### Excerpted records
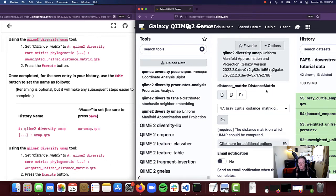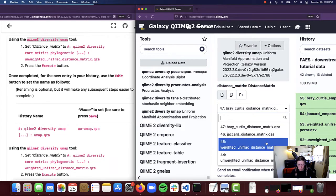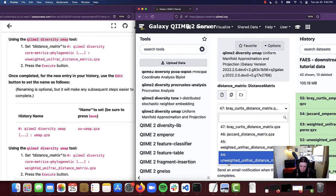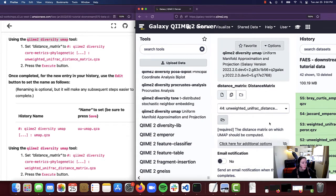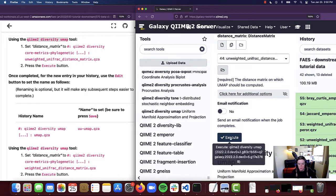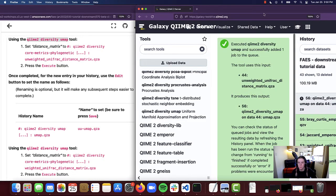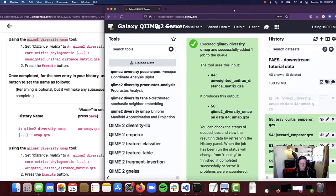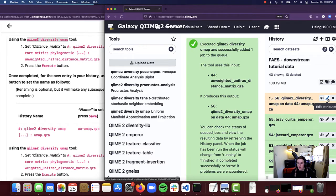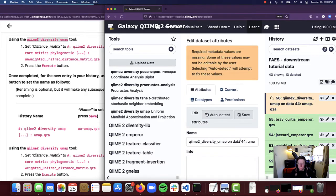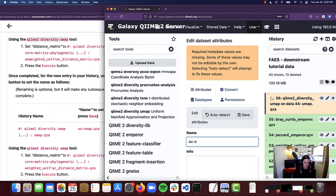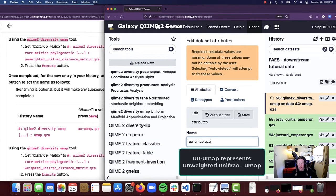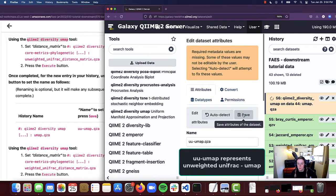I am going to select the unweighted UniFrac distance matrix.qza file under the distance matrix input, and then go ahead and select Execute. While we are waiting for that to complete, I'm going to click on the Edit Attributes button and rename this to UU-UMAP.qza, then click Save.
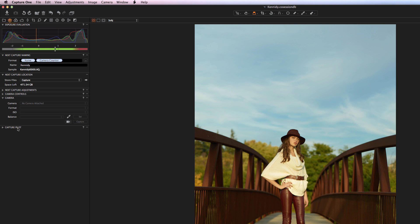Capture Pilot allows you to wirelessly push images out of Capture One to something like an iPad. So if you've got team members who are not sitting right in front of the computer but have an iPad, you can push captured images out to their iPad so they can see what's going on. You can do this with any camera — it doesn't have to be a Phase One camera. You can attach regular 35mm DSLRs as well as mirrorless cameras.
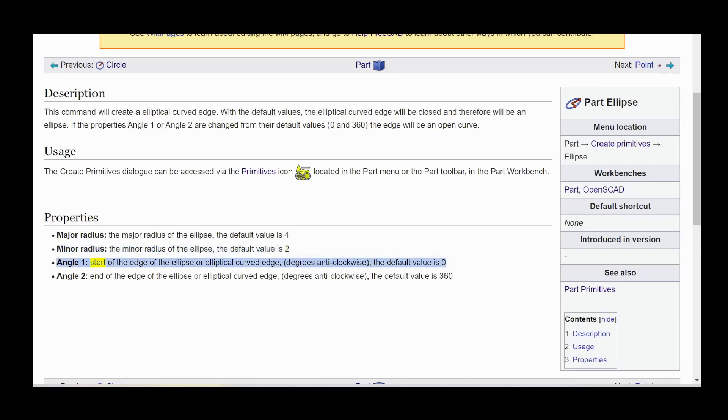Angle 1: start of the edge of the ellipse or elliptical curved edge, degrees anticlockwise, the default value is 0.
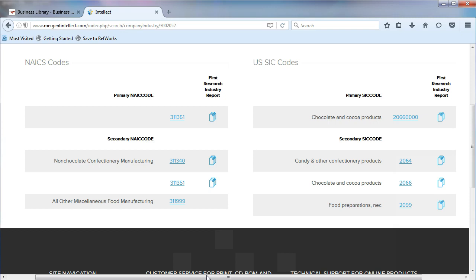On the page, we find our primary NAICS code, 311351, and see the description for it, Non-Chocolate Confectionary Manufacturing.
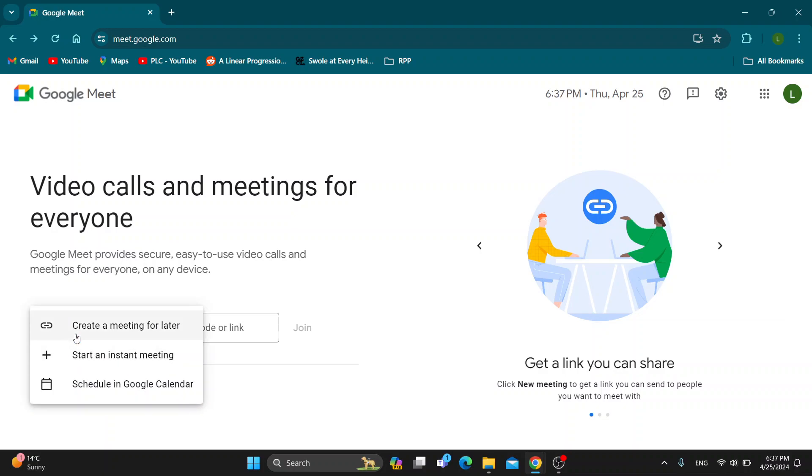This is now going to open up this new menu with either creating a meeting for later, starting the instant meeting, or scheduling in Google Calendar. This is the option we want to use. You want to go ahead and click on schedule in Google Calendar.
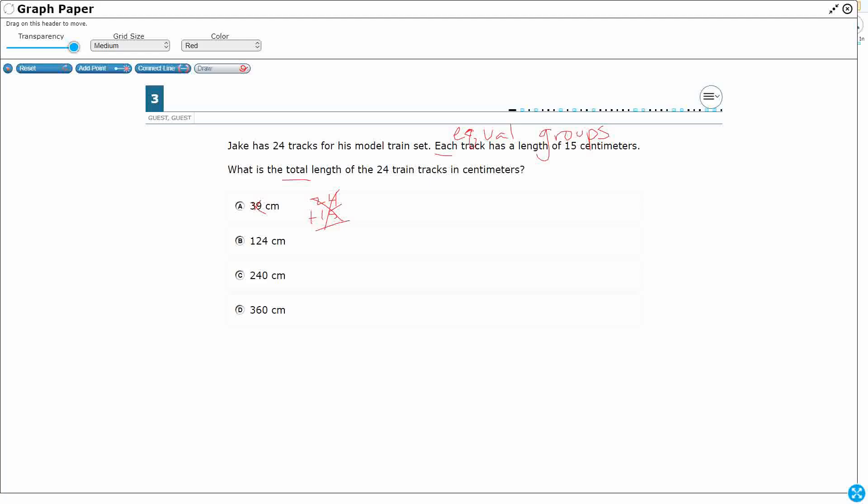So let's look at it two different ways. Let's solve it using an area model, because some of us might be more comfortable with that, because really what that does is partial products. Or we can also use the standard algorithm. We'll do both at the same time, because they'll get us the same answer. It just depends on how much addition we want to do at the end.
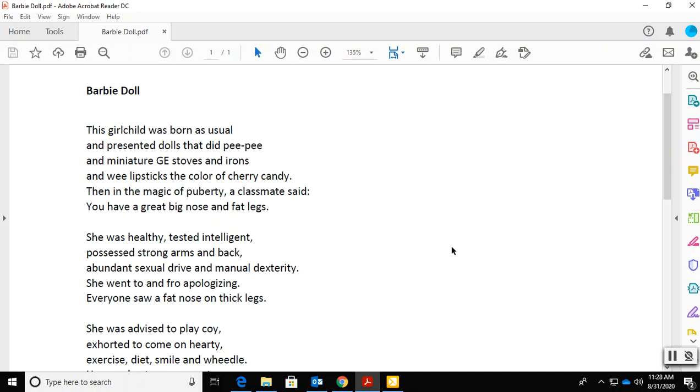This poem was written by a woman named Marge Piercy. So, as with the others, I'm going to read it to you before I start directing you for some things to look at with your analysis.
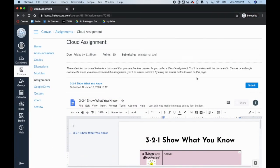I am back in the student account to show what it looks like if they submit it multiple times. You can see here they have a time stamp of when they submitted it the first time.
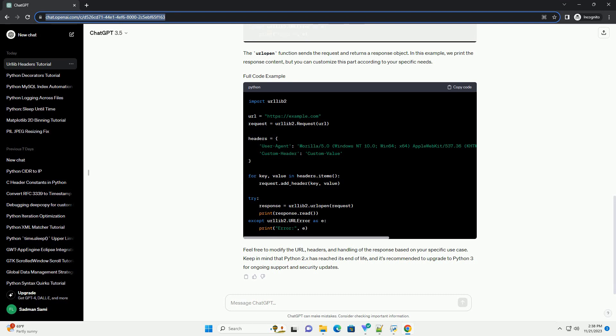In this example, we print the response content, but you can customize this part according to your specific needs. Feel free to modify the URL, headers, and handling of the response based on your specific use case. Keep in mind that Python 2.x has reached its end of life, and it's recommended to upgrade to Python 3 for ongoing support and security updates.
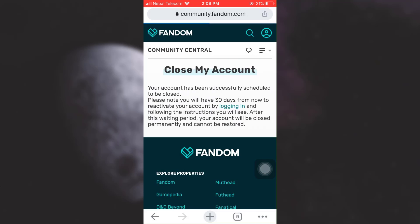As soon as you tap on it, you will receive a notification that says your account has been successfully scheduled to be closed, and that within 30 days you can log into your account and still use it. But if the 30-day period passes and you do not open your account, it will be permanently deleted.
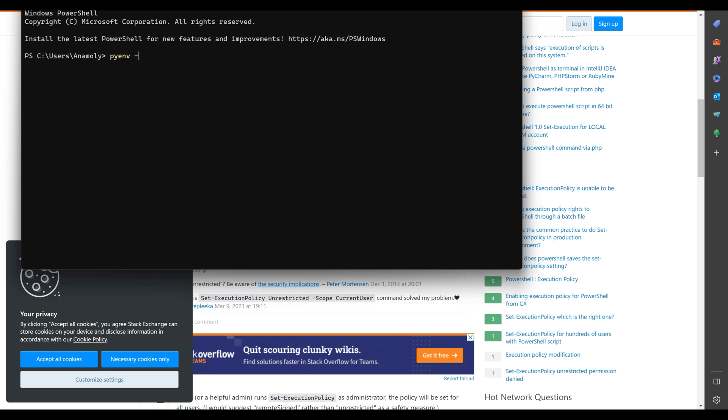You should see PyEnv getting installed. Once the installation is successful, you can verify it by running PyEnv version.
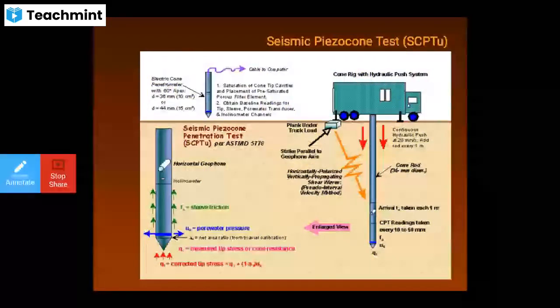The seismic piezocone test obtains four independent measurements with depth — a hybrid of penetrometer and downhole geophysics: cone tip stress Qt, penetration pore pressure U, sleeve friction, and arrival time for downhole shear wave Ts.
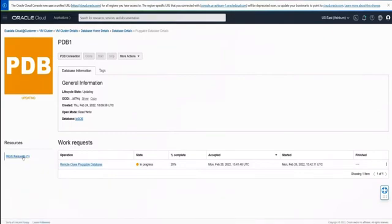Let's go ahead and create a pluggable database. First, let's look at the hosts for the primary database — host 1, JODB1, is the instance. The standby is on a different cluster and is the JO standby database. The primary has three pluggable databases and the standby also has three pluggables. Going back to our console, we'll create our pluggable database, name it GOPDB4, type in the wallet password, and hit create pluggable database to start building it in the primary instance.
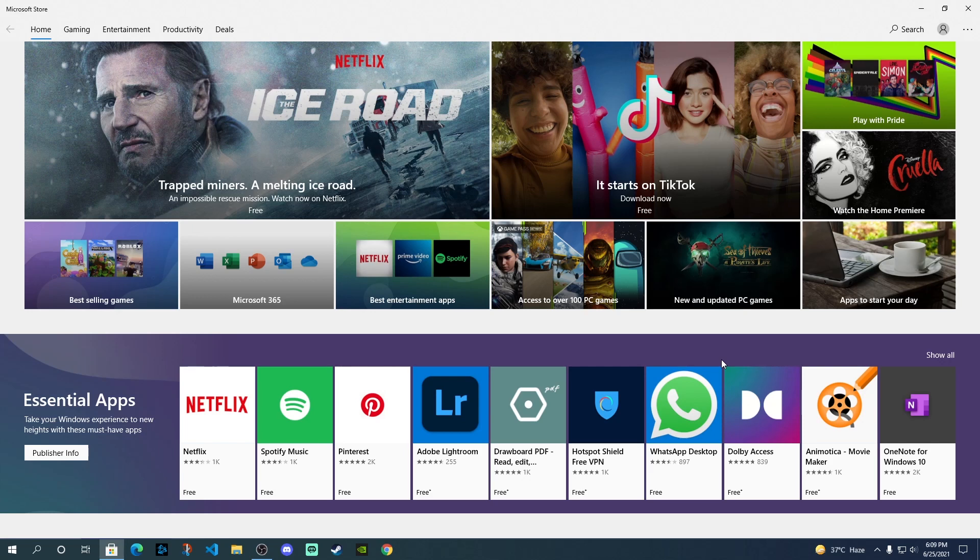This seems to be a major update or the major highlight of yesterday's update as Android apps are now going to be available on Windows 11.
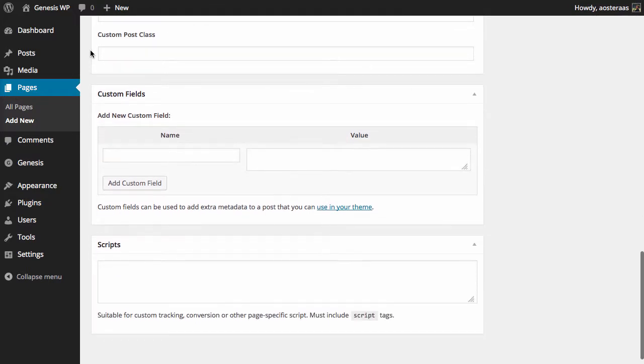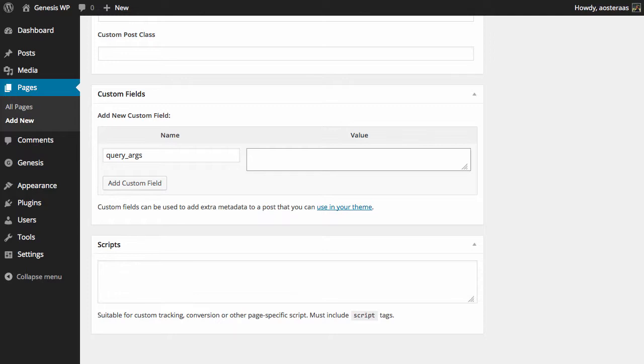And we'll find two fields under Custom Fields: one is called Name and one is called Value. So in the Name field what we want to do is set one called query_args, and then cat equals, and here is where you would put whatever the number of the categories that you'd like to show for content on this page.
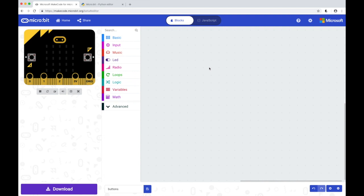Okay, in this video we are going to write a simple program that makes use of the A and B buttons on the BBC microbit.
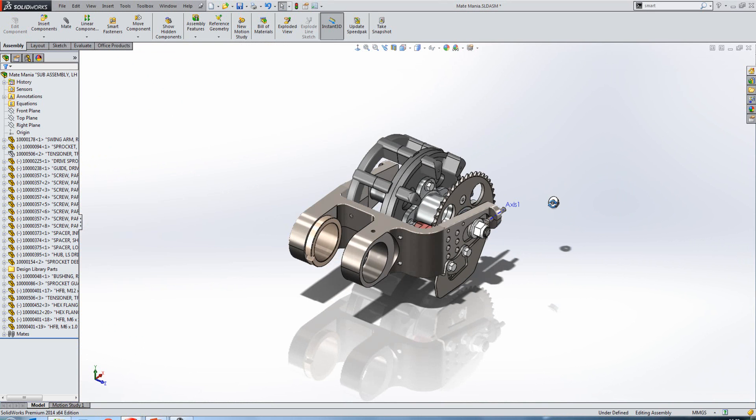It's also possible to mate slots to slots. So if we select both of those slots there, just go ahead and mate those, go to mechanical mates. You'll see that when I mate those together, we create this behavior. So one slot can completely move within the bounds of another.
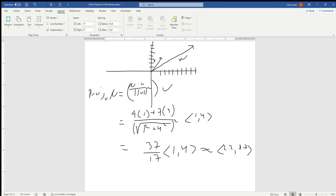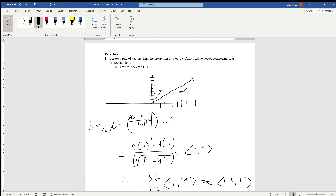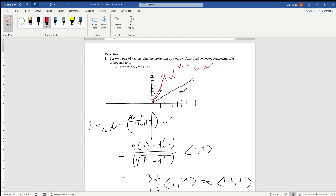Graphing the projection at approximately (2.2, 8.7) in red, we can see it lays very close to vector v — those two vectors are parallel, lying on top of one another. This confirms the projection of u onto v is correct. The projection of u onto v gives us w1.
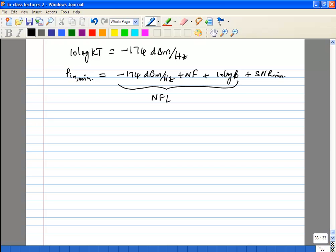If you're designing a narrowband system, the bandwidth term is very small, so it may look like the receiver is very sensitive — but it may not be. If you're comparing two systems, you have to take into account the fact that the bandwidth of one system might be wider or narrower than another. So it's not enough to just quote the sensitivity; you also have to quote the bandwidth of the signal. Keep that in mind.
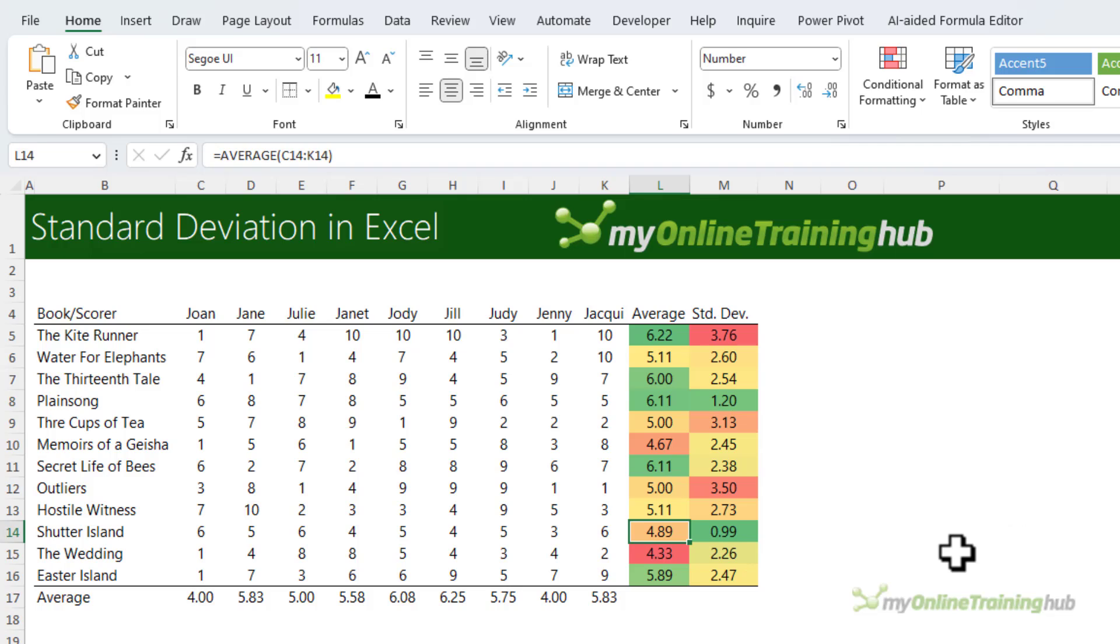Shutter Island was one of the lowest scoring books with an average of 4.89, and with a standard deviation of 0.99, most agreed.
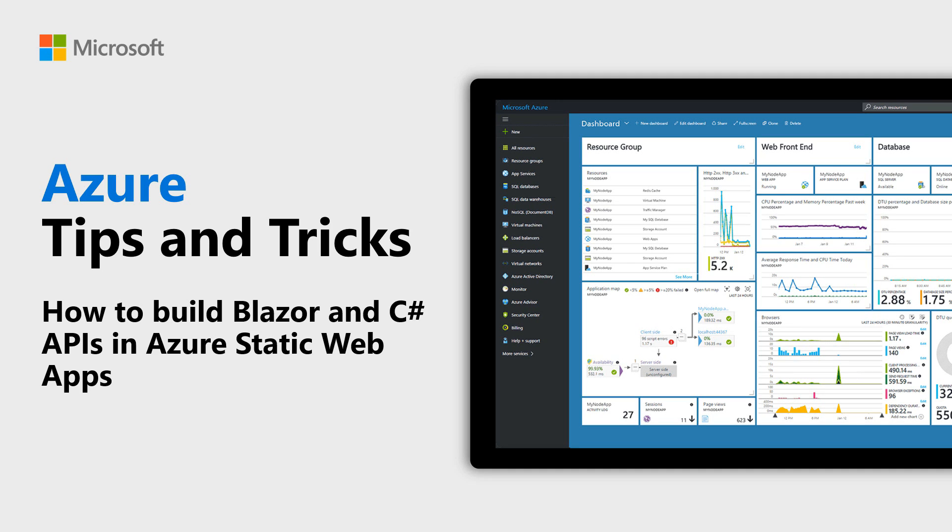Learn how to build Blazor and C-Sharp APIs in Azure Static Web Apps in this episode of Azure Tips and Tricks.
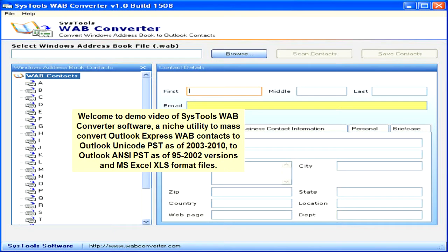Welcome to the demo video of SysTools WAB converter software, the utility to mass convert Outlook Express WAB contacts to Outlook Unicode PST for versions 2007-2010, to Outlook ANSI PST for versions 95-2003, and MS Excel XLS format files.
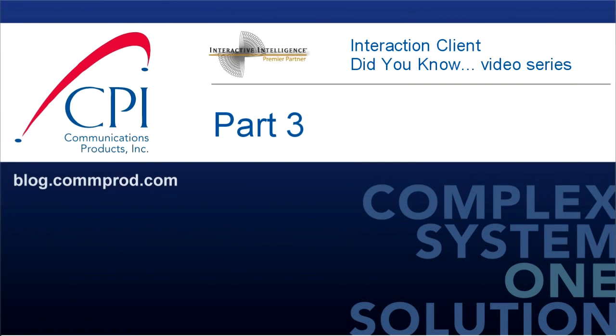Thank you for watching. You can find more information and comment on this video at blog.comprod.com.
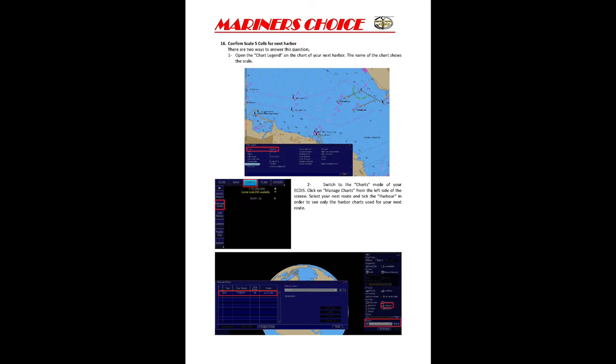To confirm the scale for your next harbor, there are two ways to answer: open the Chart Legend, or look at the name of the chart for your next harbor on the chart screen. As you can see from the screenshot, you can identify what is the harbor chart and what scale is being used.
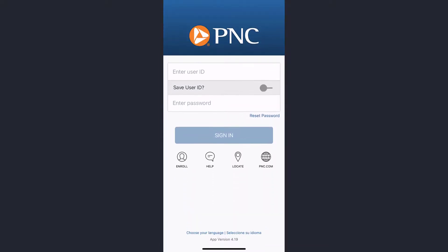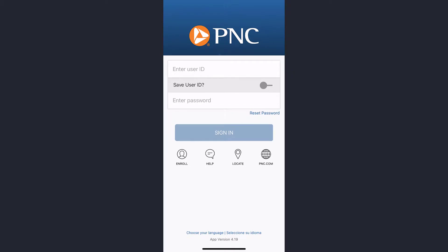Now enter your user ID and password, and once you tap sign in, you will be successfully logged into your PNC Bank online banking account.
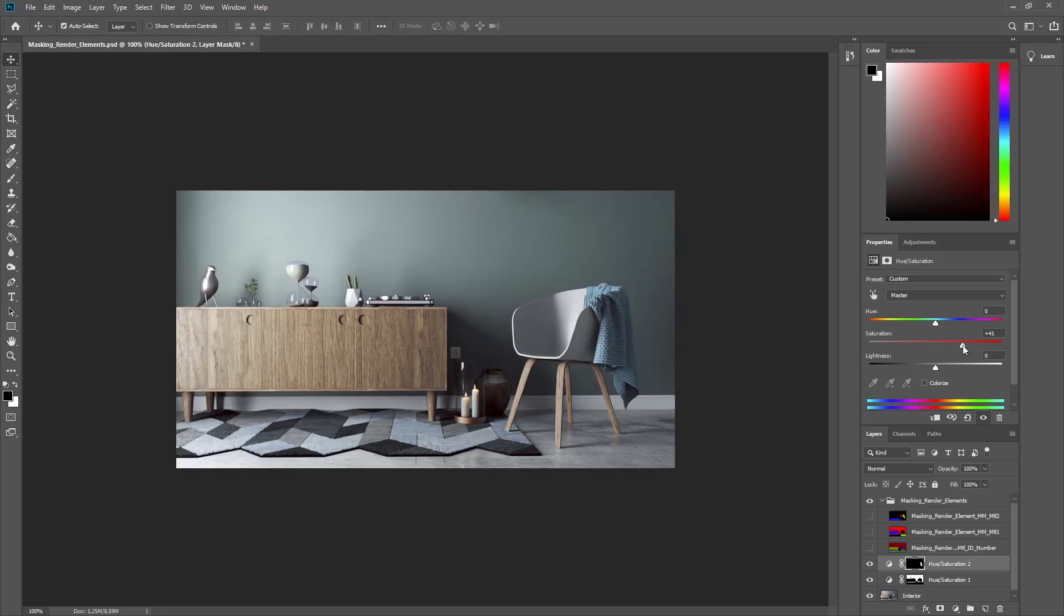All right, now you've seen how you can use the new Material Masking render elements to quickly create masks based on the Material ID numbers in your scene and fine-tune your images in post-production.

### Task to complete
The entries above should be retyped exactly, minus any pictures.

### Result of the task
I am going to select the unweighted UniFrac distance matrix.qza file under the distance matrix input, and then go ahead and select Execute. While we are waiting for that to complete, I'm going to click on the Edit Attributes button and rename this to UU-UMAP.qza, then click Save.
Capture Pilot allows you to wirelessly push images out of Capture One to something like an iPad. So if you've got team members who are not sitting right in front of the computer but have an iPad, you can push captured images out to their iPad so they can see what's going on. You can do this with any camera — it doesn't have to be a Phase One camera. You can attach regular 35mm DSLRs as well as mirrorless cameras.
Angle 1: start of the edge of the ellipse or elliptical curved edge, degrees anticlockwise, the default value is 0.
On the page, we find our primary NAICS code, 311351, and see the description for it, Non-Chocolate Confectionary Manufacturing.
This is now going to open up this new menu with either creating a meeting for later, starting the instant meeting, or scheduling in Google Calendar. This is the option we want to use. You want to go ahead and click on schedule in Google Calendar.
So let's look at it two different ways. Let's solve it using an area model, because some of us might be more comfortable with that, because really what that does is partial products. Or we can also use the standard algorithm. We'll do both at the same time, because they'll get us the same answer. It just depends on how much addition we want to do at the end.
This poem was written by a woman named Marge Piercy. So, as with the others, I'm going to read it to you before I start directing you for some things to look at with your analysis.
I am back in the student account to show what it looks like if they submit it multiple times. You can see here they have a time stamp of when they submitted it the first time.
In this example, we print the response content, but you can customize this part according to your specific needs. Feel free to modify the URL, headers, and handling of the response based on your specific use case. Keep in mind that Python 2.x has reached its end of life, and it's recommended to upgrade to Python 3 for ongoing support and security updates.
As soon as you tap on it, you will receive a notification that says your account has been successfully scheduled to be closed, and that within 30 days you can log into your account and still use it. But if the 30-day period passes and you do not open your account, it will be permanently deleted.
You should see PyEnv getting installed. Once the installation is successful, you can verify it by running PyEnv version.
The seismic piezocone test obtains four independent measurements with depth — a hybrid of penetrometer and downhole geophysics: cone tip stress Qt, penetration pore pressure U, sleeve friction, and arrival time for downhole shear wave Ts.
Let's go ahead and create a pluggable database. First, let's look at the hosts for the primary database — host 1, JODB1, is the instance. The standby is on a different cluster and is the JO standby database. The primary has three pluggable databases and the standby also has three pluggables. Going back to our console, we'll create our pluggable database, name it GOPDB4, type in the wallet password, and hit create pluggable database to start building it in the primary instance.
This seems to be a major update or the major highlight of yesterday's update as Android apps are now going to be available on Windows 11.
And we'll find two fields under Custom Fields: one is called Name and one is called Value. So in the Name field what we want to do is set one called query_args, and then cat equals, and here is where you would put whatever the number of the categories that you'd like to show for content on this page.
Okay, in this video we are going to write a simple program that makes use of the A and B buttons on the BBC microbit.
It's also possible to mate slots to slots. So if we select both of those slots there, just go ahead and mate those, go to mechanical mates. You'll see that when I mate those together, we create this behavior. So one slot can completely move within the bounds of another.
Graphing the projection at approximately (2.2, 8.7) in red, we can see it lays very close to vector v — those two vectors are parallel, lying on top of one another. This confirms the projection of u onto v is correct. The projection of u onto v gives us w1.
If you're designing a narrowband system, the bandwidth term is very small, so it may look like the receiver is very sensitive — but it may not be. If you're comparing two systems, you have to take into account the fact that the bandwidth of one system might be wider or narrower than another. So it's not enough to just quote the sensitivity; you also have to quote the bandwidth of the signal. Keep that in mind.
Shutter Island was one of the lowest scoring books with an average of 4.89, and with a standard deviation of 0.99, most agreed.
Learn how to build Blazor and C-Sharp APIs in Azure Static Web Apps in this episode of Azure Tips and Tricks.
Welcome to the demo video of SysTools WAB converter software, the utility to mass convert Outlook Express WAB contacts to Outlook Unicode PST for versions 2007-2010, to Outlook ANSI PST for versions 95-2003, and MS Excel XLS format files.
Thank you for watching. You can find more information and comment on this video at blog.comprod.com.
To confirm the scale for your next harbor, there are two ways to answer: open the Chart Legend, or look at the name of the chart for your next harbor on the chart screen. As you can see from the screenshot, you can identify what is the harbor chart and what scale is being used.
Now enter your user ID and password, and once you tap sign in, you will be successfully logged into your PNC Bank online banking account.
All right, now you've seen how you can use the new Material Masking render elements to quickly create masks based on the Material ID numbers in your scene and fine-tune your images in post-production.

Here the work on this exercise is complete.